Content starts

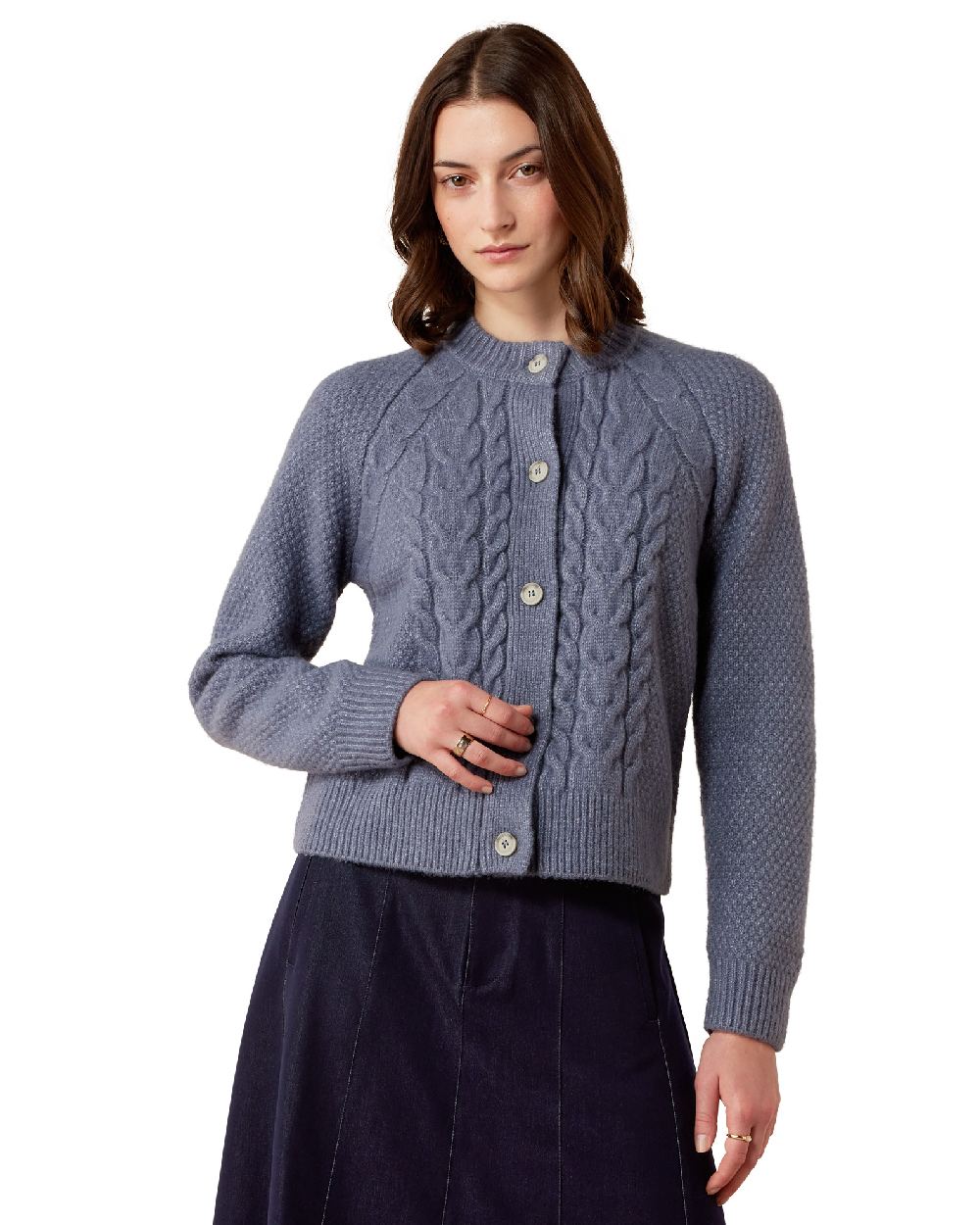 Flintstone coloured Ariat Womens Brackenwood Sweater on white background 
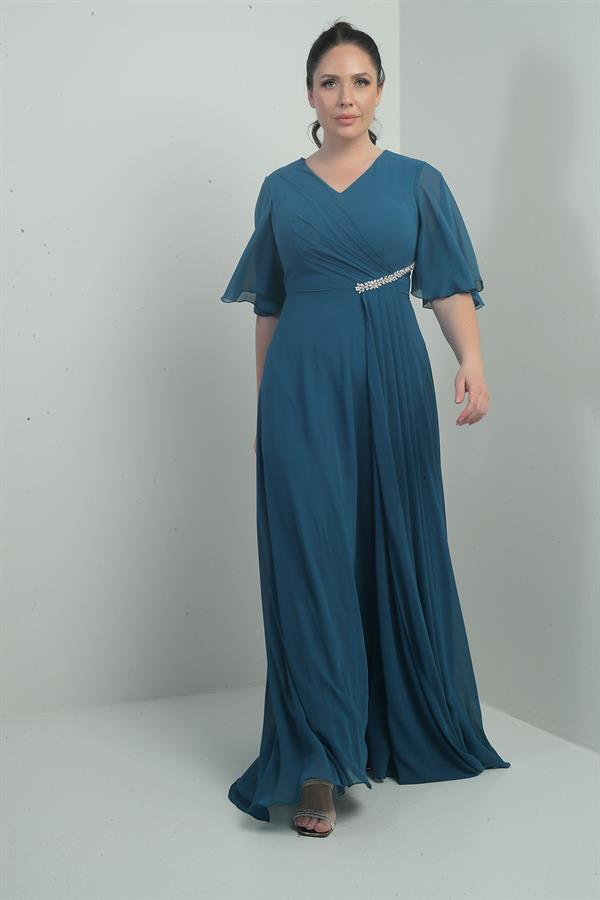 Kadın V Yaka Beli Taşlı Drapeli Astarlı Büyük Beden Uzun Şifon Elbise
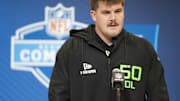Mar 1, 2025; Indianapolis, IN, USA; North Dakota State University offensive lineman Grey Zabel (OL50) answers questions at a press conference during the 2025 NFL Combine at Indiana Convention Center. 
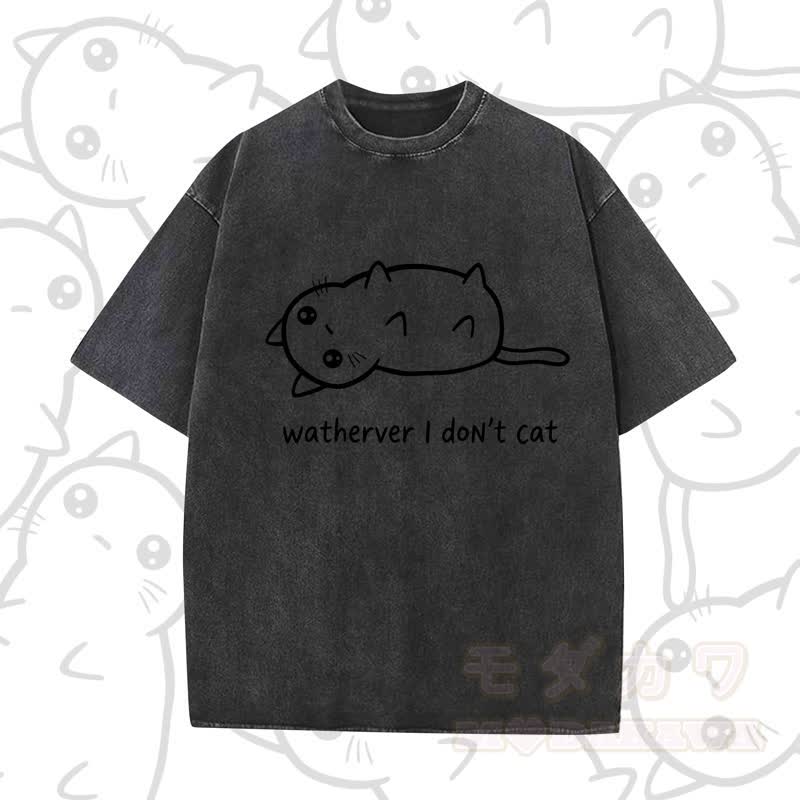 MODAKAWA WATHERVER I DON'T CAT Kurzarm-T-Shirt mit Aufdruck - Schwarz B - 5XL - image 2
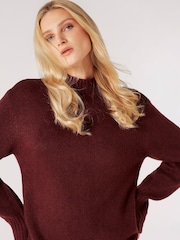 Apricot Red Chunky Knit High Neck Midi Dress - Image 5 of 5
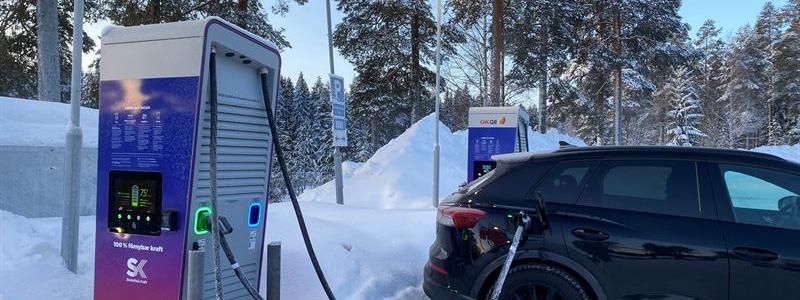 Elbilsladdning Fotograf: Skellefteå Kraft
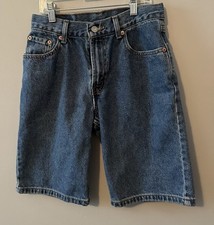 Vintage Levi's 550 Boys Blue Denim Cut-Off Shorts Size 14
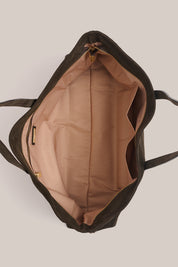 Mia Dark Chocolate Suede East West Slouchy Tote - Slightly Imperfect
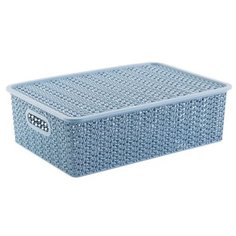 Корзина для хранения С крышкой "вязь" 7,5 Л 35*24,5*10,5 СМ (голубая норка) "виолет" Violet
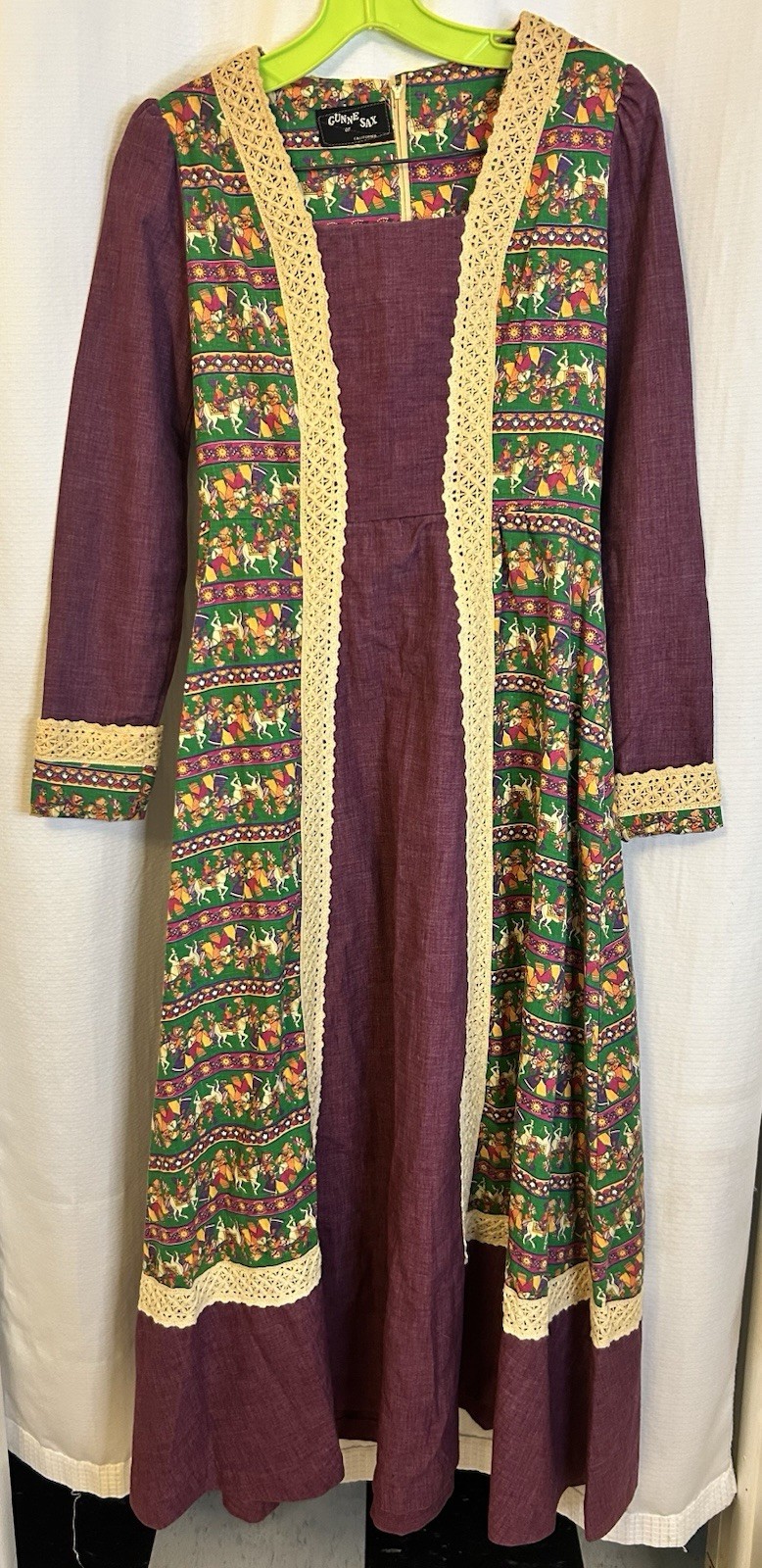 Authentic Vintage Gunne Sax of California Tapestry Renaissance Style Dress S/M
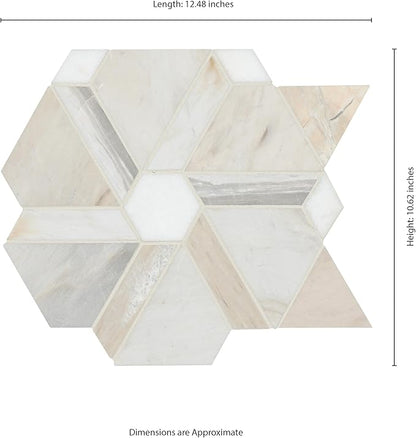 MSI Angora Floralis 11 in. x 12 in. Polished Marble Mosaic Floor and Wall Tile for Bathroom, Kitchen Backsplash, Accent Wall Tile, and Shower Wall Tile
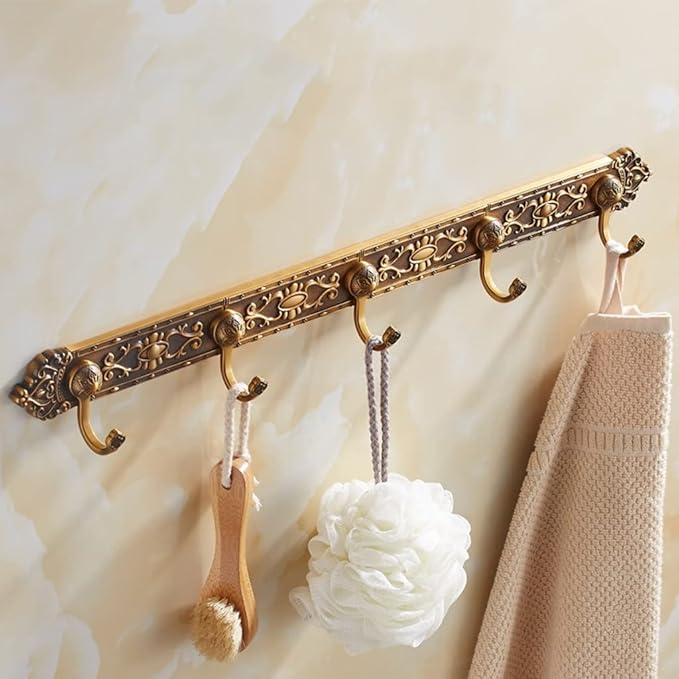 Coat Rack Antique Coat Racks, European Row Hooks, Retro Hooks, Clothes Living Room Wall Hanging Bathroom Wardrobe Door Coat Hook Wall Hooks (Color : A, Size : 5 Hook)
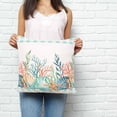 thumbnail image 3 of Throw Pillow Covers 18x18 Inch, Nautical Coastal Decorative Pillow Cases for Couch Sofa Bed, Summer Sea Corals Shells Starfish Green Plaid Cotton Linen Square Home Decor Pillowcases, 3 of 7
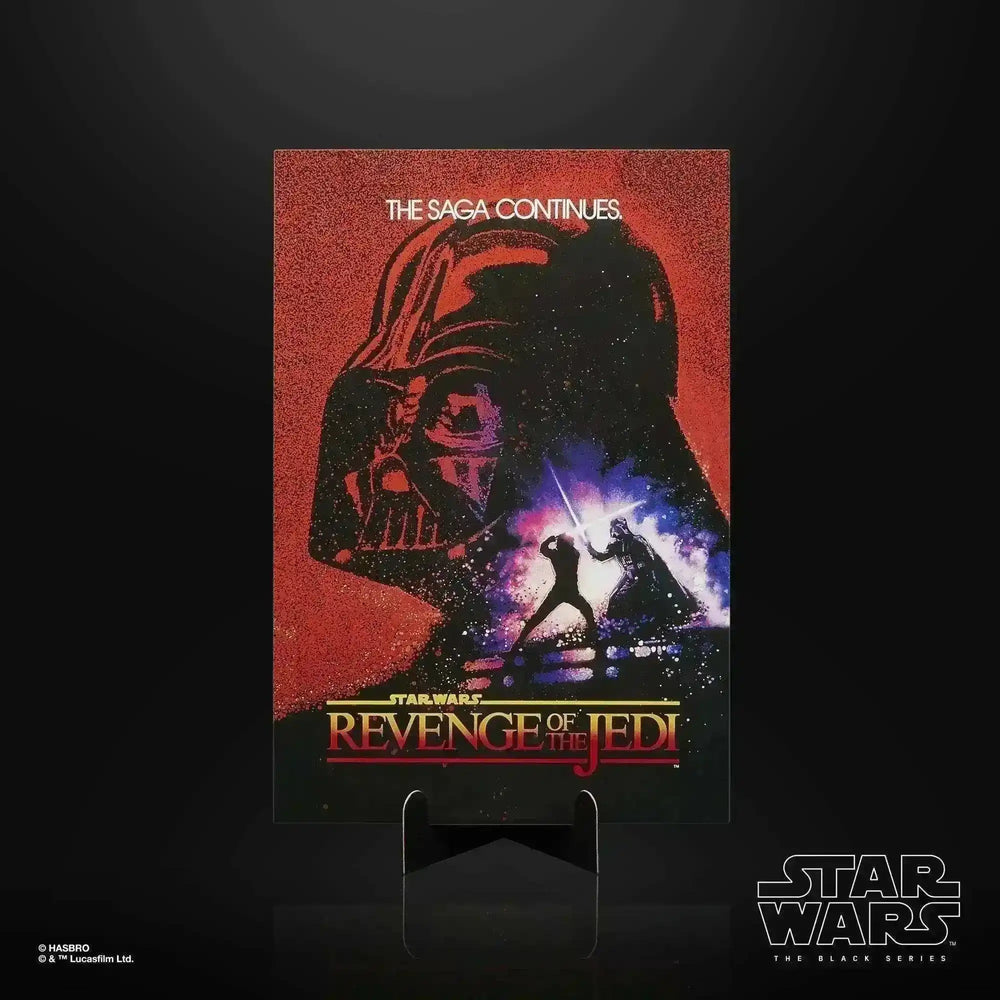 Star Wars The Black Series Revenge of the Jedi Darth Vader Sammlerfigur-Poster bei Smalltinytoystore, schwarzer Hintergrund, kultiges Artwork.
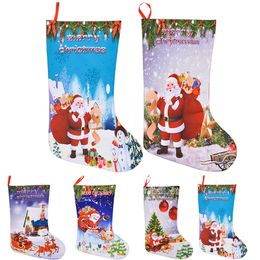 Christmas Stocking Gift Bags Felt Cloth Christmas Tree Sock Xmas Candy Storage Bag Festive Party Supplies Xmas Decorations Free DHL WX9-786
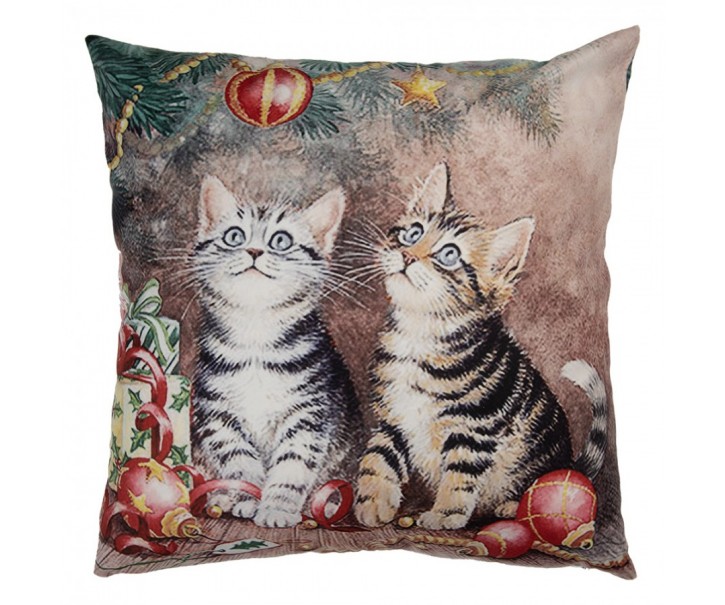 Povlak na polštář s kočkami u stromku Christmas - 45*45 cm Clayre & Eef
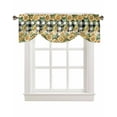 thumbnail image 7 of Tie Up Valance Curtain for Kitchen, Green Gnome Sunflower Butterfly Rod Pocket Short Curtains Adjustable Tie-Up Shade Valances, Black Plaid Lattice Window Treatment for Bathroom Living Room Bedroom, 7 of 7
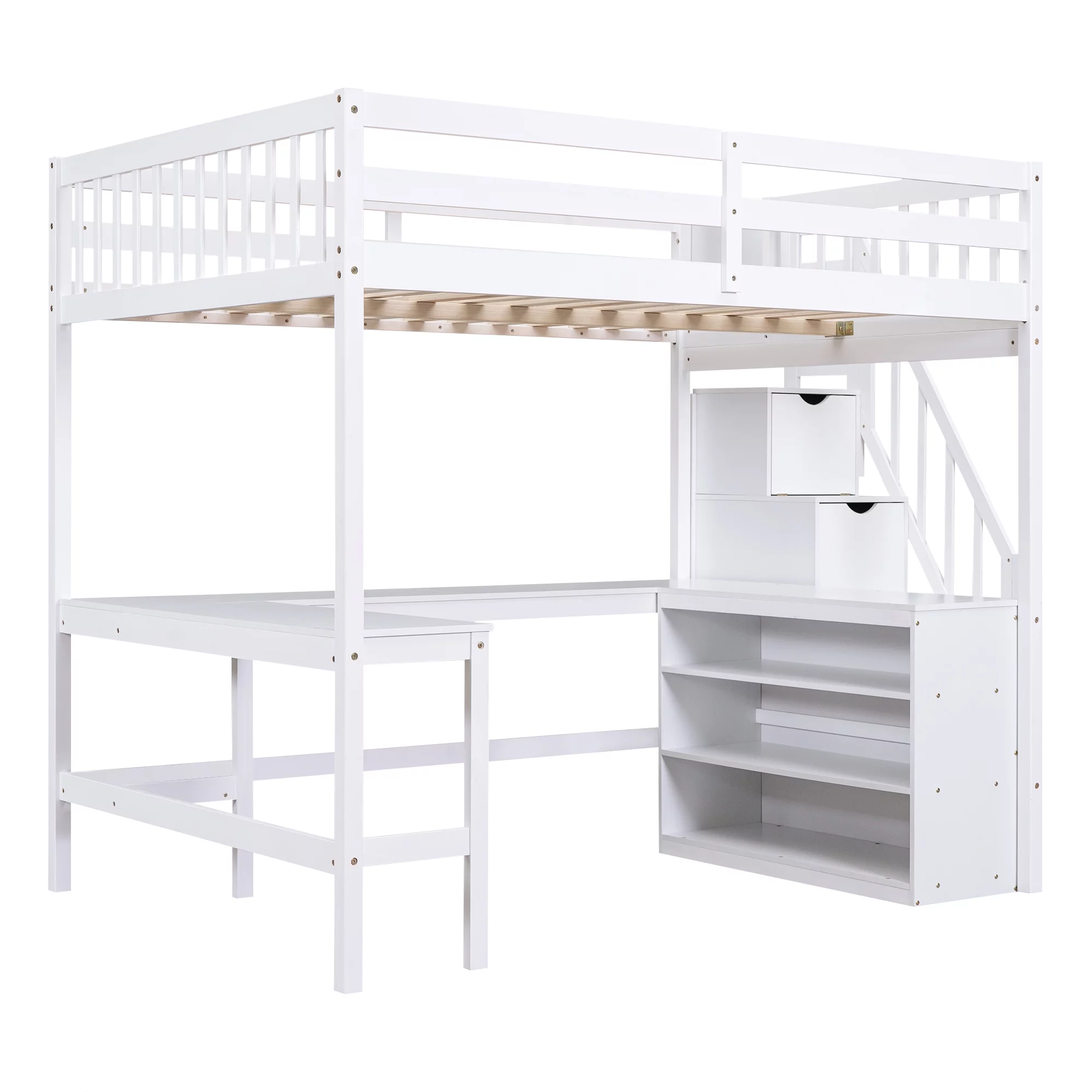 EUROCO Wood Full Size Loft Bed with Desk, Shelf and Storage Staircase for Kids Teens Adults, Built-in Desk with Bookscase for Working Station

Content ends

• Exercise brief: From the first line of the material down to the line containing "Star Wars The", inclusive, return each line exactly, skipping any picture.

• Result for this task:
 Flintstone coloured Ariat Womens Brackenwood Sweater on white background 
 Kadın V Yaka Beli Taşlı Drapeli Astarlı Büyük Beden Uzun Şifon Elbise
Mar 1, 2025; Indianapolis, IN, USA; North Dakota State University offensive lineman Grey Zabel (OL50) answers questions at a press conference during the 2025 NFL Combine at Indiana Convention Center. 
 MODAKAWA WATHERVER I DON'T CAT Kurzarm-T-Shirt mit Aufdruck - Schwarz B - 5XL - image 2
 Apricot Red Chunky Knit High Neck Midi Dress - Image 5 of 5
 Elbilsladdning Fotograf: Skellefteå Kraft
 Vintage Levi's 550 Boys Blue Denim Cut-Off Shorts Size 14
 Mia Dark Chocolate Suede East West Slouchy Tote - Slightly Imperfect
 Корзина для хранения С крышкой "вязь" 7,5 Л 35*24,5*10,5 СМ (голубая норка) "виолет" Violet
 Authentic Vintage Gunne Sax of California Tapestry Renaissance Style Dress S/M
 MSI Angora Floralis 11 in. x 12 in. Polished Marble Mosaic Floor and Wall Tile for Bathroom, Kitchen Backsplash, Accent Wall Tile, and Shower Wall Tile
 Coat Rack Antique Coat Racks, European Row Hooks, Retro Hooks, Clothes Living Room Wall Hanging Bathroom Wardrobe Door Coat Hook Wall Hooks (Color : A, Size : 5 Hook)
 thumbnail image 3 of Throw Pillow Covers 18x18 Inch, Nautical Coastal Decorative Pillow Cases for Couch Sofa Bed, Summer Sea Corals Shells Starfish Green Plaid Cotton Linen Square Home Decor Pillowcases, 3 of 7
 Star Wars The Black Series Revenge of the Jedi Darth Vader Sammlerfigur-Poster bei Smalltinytoystore, schwarzer Hintergrund, kultiges Artwork.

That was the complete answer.